- Check the expiration date. Don’t ever use a condom that’s been stored in his wallet for years!
- Make sure he’s putting it on correctly (not inside out) and that he leaves some space at the tip. Heck, if you have to, do it yourself!
- It might make your “small” guy feel good to wear the biggest condom the drug store had in stock, but it’ll increase the chance of the condom slipping off. And, if your guy’s large, tiny condoms are sure to bust. So, size it right!
- Always use latex or polyurethane condoms. Although novelty condoms may be cute, they’re not as reliable—the same goes for lambskin.
- Be careful when you open the wrapper. A snagged condom could spell trouble.

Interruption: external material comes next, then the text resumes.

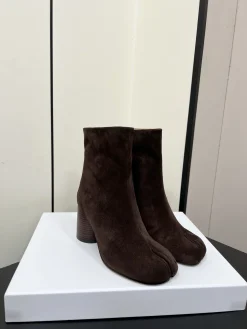 MAISON MARGIELA Boots & Booties Suede Leather (Brown) EU35-39 D10202607051739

- If you use a condom during oral sex, get a new one for intercourse. It’s possible that your teeth (or the suction) may have damaged the condom.
- Use an extra lubricant on the outside to cut down on friction. And putting a dab at the tip of the condom will make your guy feel like he’s not even wearing one. Don’t go grab the baby oil though; make sure the lubricant brand you use is water-based, like K-Y or Astroglide.
Unless you enjoy worrying about whether you’re carrying a baby or an STD from someone who was just supposed to be fun (or you and your guy are just not ready to be parents), you should follow the above tips to the letter. Condom mishaps are no fun and can be downright dangerous… to your health and sanity!